Option portfolio wings vs decay

This is going to be far too technical for anyone who hasn’t been a professional options trader (particularly sellside) but essentially the trick in options portfolio management is having enough gamma that you don’t get wiped out on big moves, while not bleeding out from paying too much in time decay of the options that give you that gamma. One of the best ways to get this “efficiency” is to take advantage of the volatility surface:

image

The basic components of a vol surface you can exploit for efficiency are:

  • Term structure - longer dated options can (sometimes) have higher implied vol than shorter dated ones, or vice versa
  • Vol skew - downside options can have higher implied vol than upside ones (mostly because of conditional probability - if stock market drops it tends to be more volatile than if stock market rises by same amount)
  • Vol smile - extreme options can have higher implied vol than “normal” ones

Aside: There are more with every option greek but they are comparatively minor unless built up in aggregate.. which I have also seen particularly with long dated options and interest rate risk.

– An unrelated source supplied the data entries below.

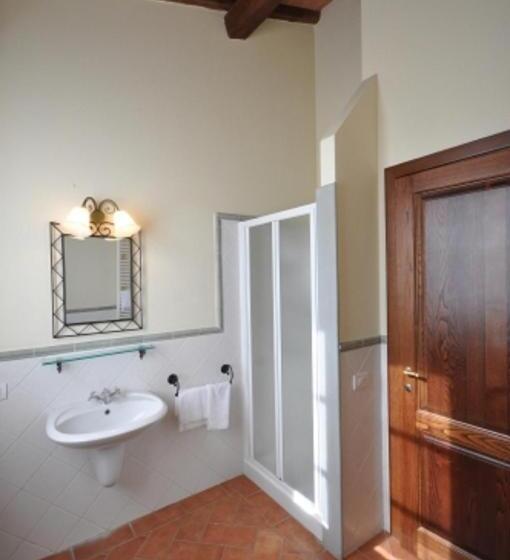 דירת שני חדרים, Agriturismo Musignano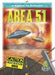 Area 51 by Jenna Lee Gleisner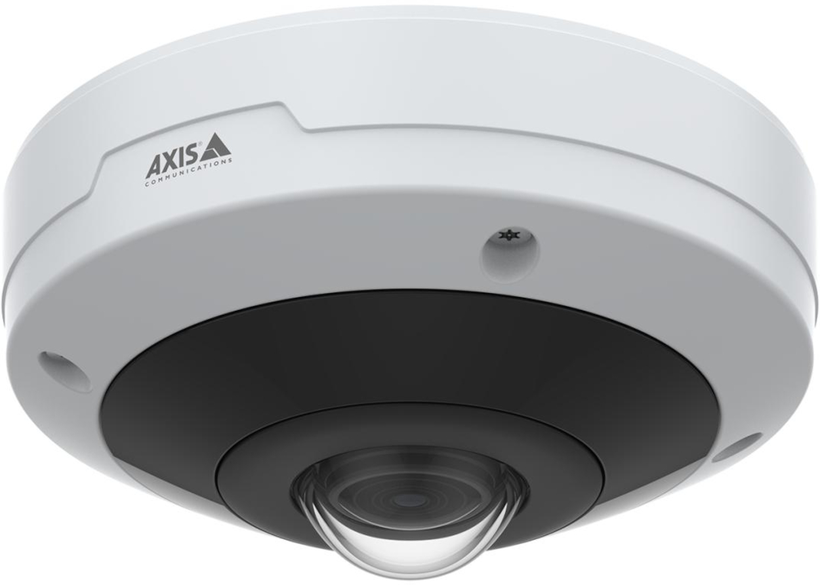 AXIS M4317-PLVE panoráma hálózati kamera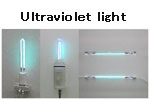 UV equipment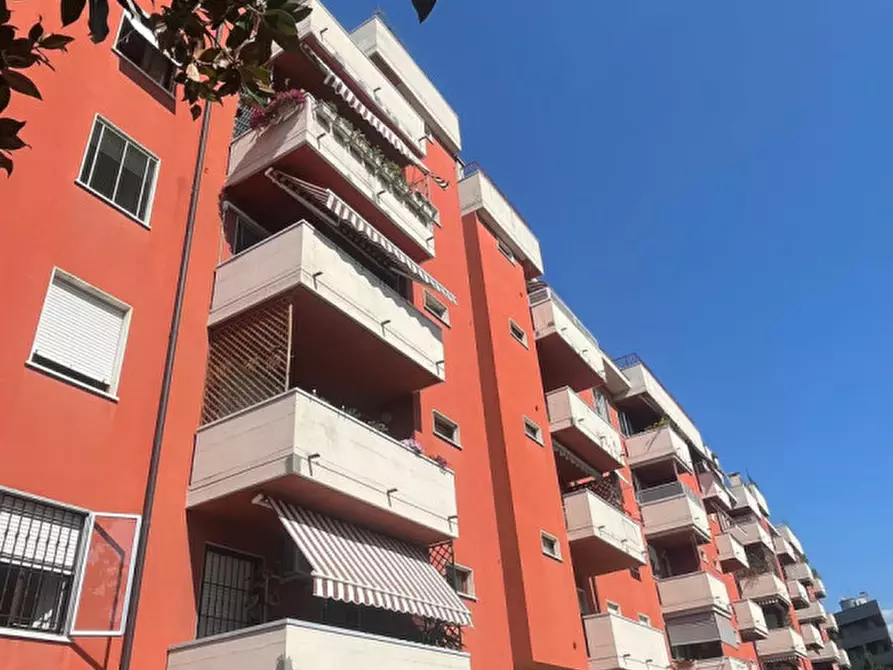 Immagine 5 di Appartamento in vendita  in Via Plinio 7B a Verona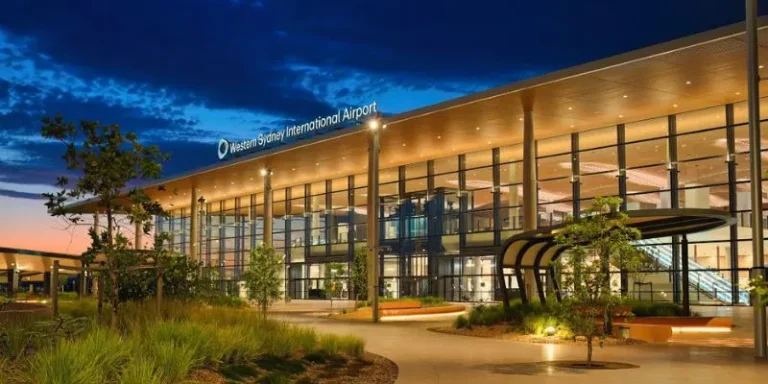 Western Sydney Airport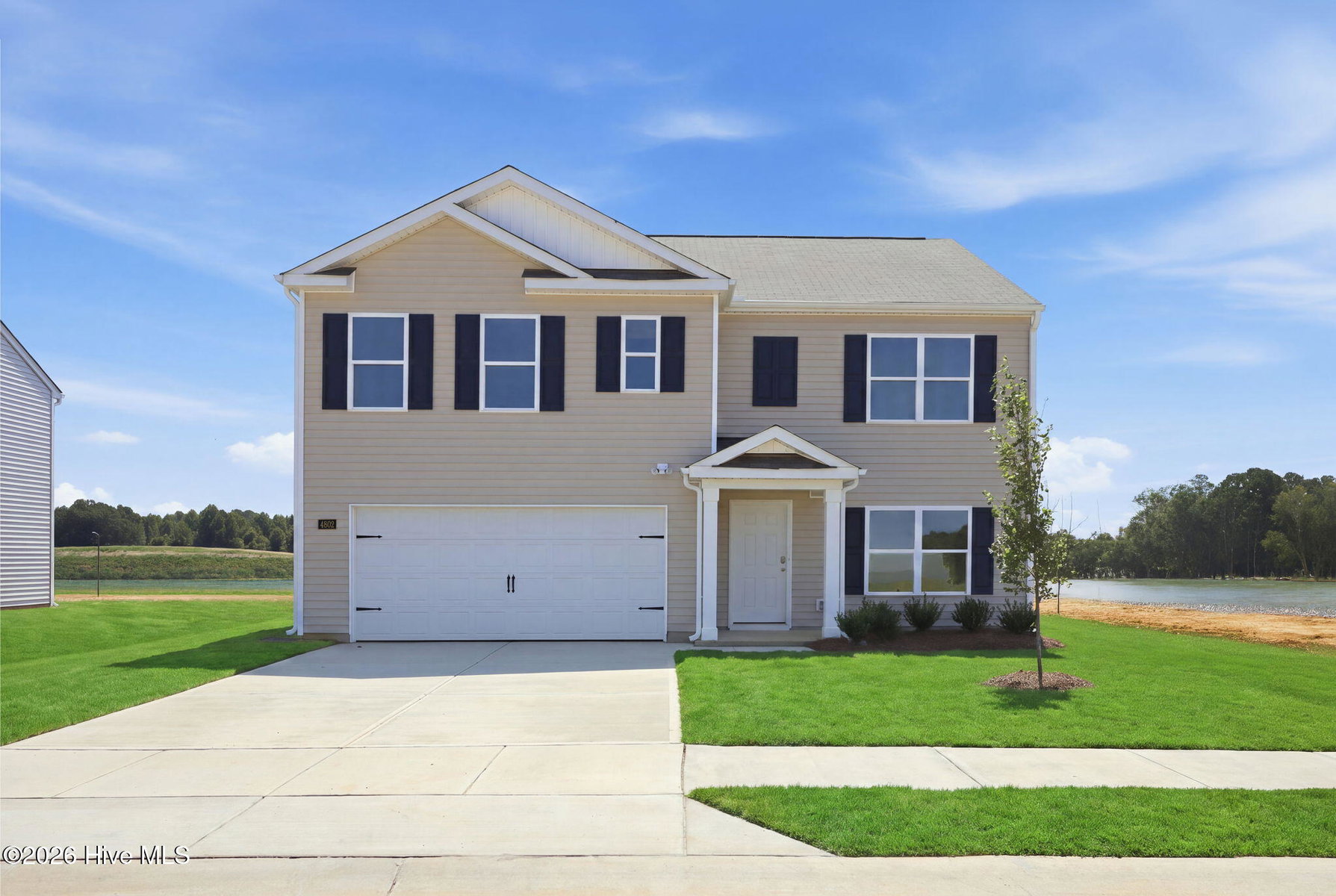 4802 Martha Wynd Way, Farmville, NC 27828 — photo 3
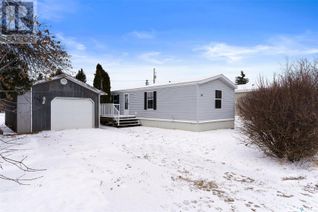 Property for Sale, 107 Maclean Street, Raymore, SK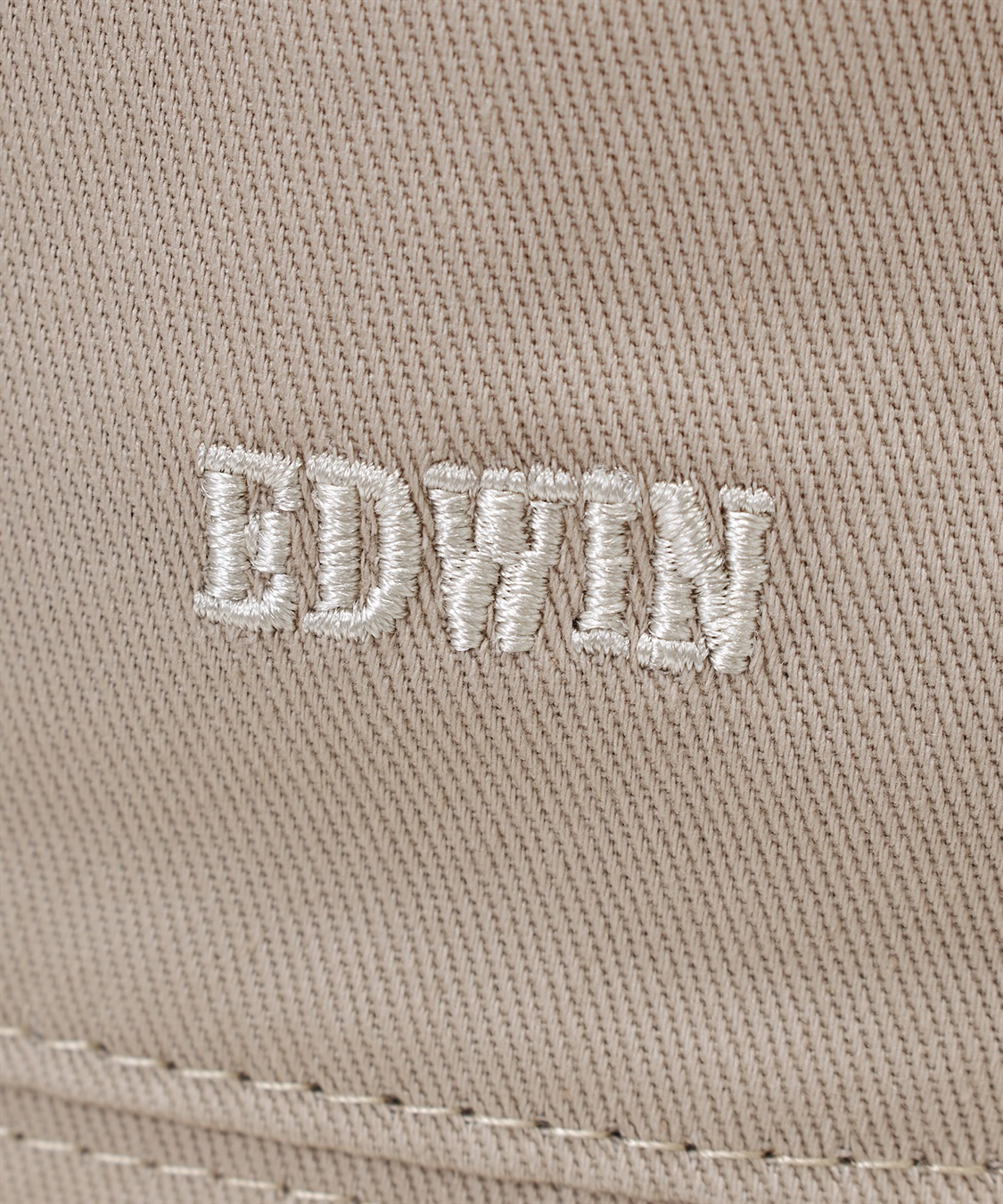 HATMIKKE EDWINフリンジバケットハット【HATMIKKE/ハットミッケ】_sub_25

Basically to get more efficiency you sell the higher vol and buy the lower vol. A very efficient portfolio works like a dream in normal times - you are making loads of money from gamma hedging, and paying comparative peanuts in time decay for the privilege.

But what you have done to get here is to basically say the market is wrong in pricing these known risks in time and spot price - and when the market goes against you, you lose money.

Option portfolio efficiency is selling the tail risks in favor of looking good in the normal times. No free lunch - you haven’t really created or destroyed any fundamental risk, you’ve just swept it under a rug.

TLDR

When presented with something too good to be true, try to understand how the “normal” outcome is being goosed by creating/repackaging more risk in the extremes, and understand the driving factors that lead you to tip towards those extremes.

Peter Bernstein’s 1998 classic Against the Gods tells a lot more versions of our repeated failures to manufacture less risk with no tradeoffs throughout human history, from Greek prehistory to the French Renaissance to modern stock markets.

If you’re a software engineer reading this and tut-tutting smugly at all these financial frauds shoveling risk around, consider how you are minimizing and managing your own technical, career, and yes, financial, risks as well and what tradeoffs you may know now you are making to achieve your relative level of comfort.